**Input for this task**
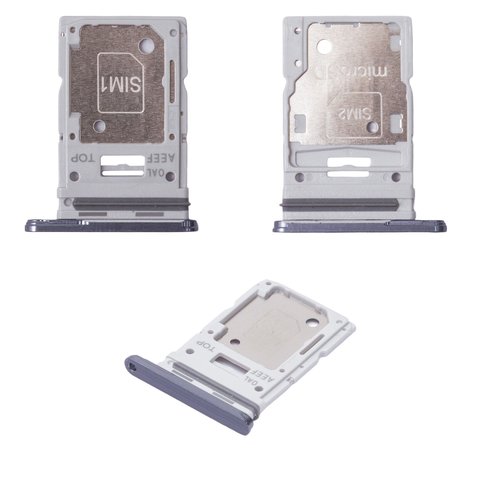 Держатель SIM карты для Samsung A556 Galaxy A55, синий, 2Sim, navy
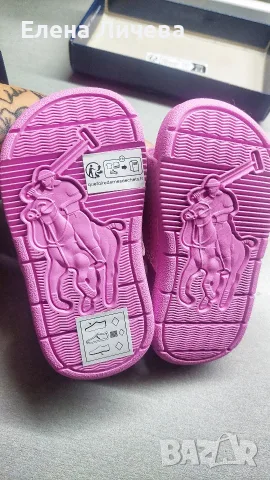 Оригинални детски чехли Ralph Lauren, снимка 3 - Детски сандали и чехли - 55641257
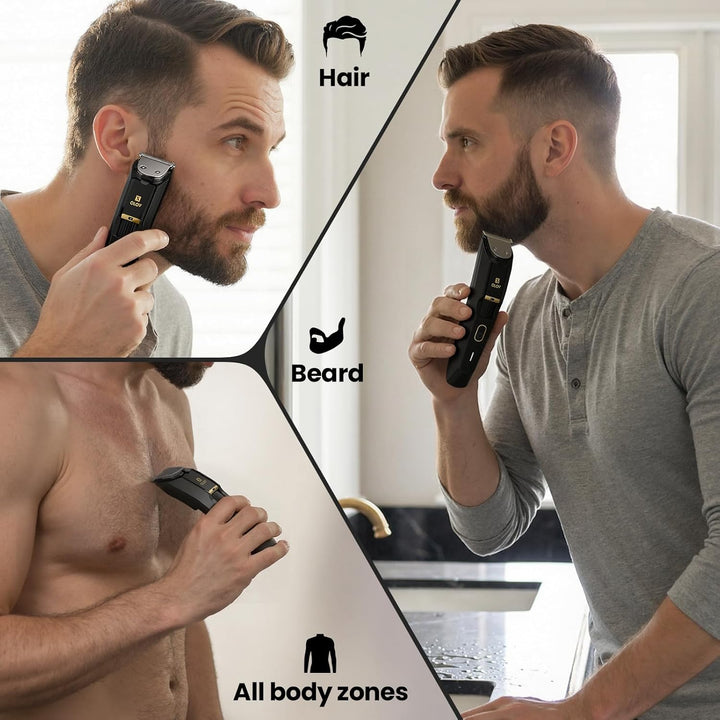 OLOV X Recortadora de barba para hombre, todo en uno, con dial de p...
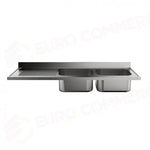 LAVATOIO 2 VASCHE + SGOCCIOLATOIO SX 1800 X 600 MM FRLV-618/21S - 5896182 - SAMMIC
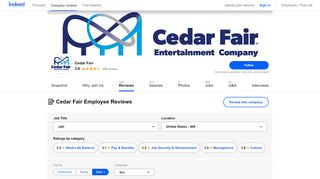 
                            8. Working at Cedar Fair: 346 Reviews | Indeed.com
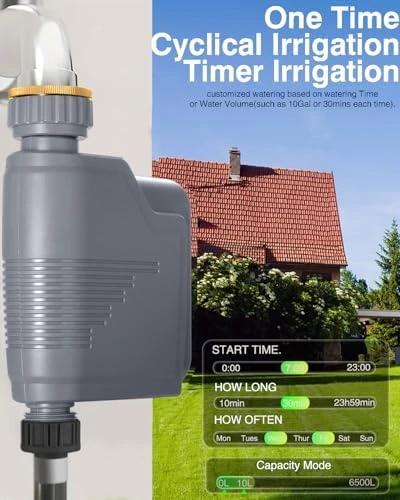 WiFi Smart Water Timer with Hub — Irrigation System, Haozee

**The problem**
Leave out the pictures; repeat the data exactly.

**Response area**
 Держатель SIM карты для Samsung A556 Galaxy A55, синий, 2Sim, navy
 Оригинални детски чехли Ralph Lauren, снимка 3 - Детски сандали и чехли - 55641257
 OLOV X Recortadora de barba para hombre, todo en uno, con dial de p...
 LAVATOIO 2 VASCHE + SGOCCIOLATOIO SX 1800 X 600 MM FRLV-618/21S - 5896182 - SAMMIC
                            8. Working at Cedar Fair: 346 Reviews | Indeed.com
 WiFi Smart Water Timer with Hub — Irrigation System, Haozee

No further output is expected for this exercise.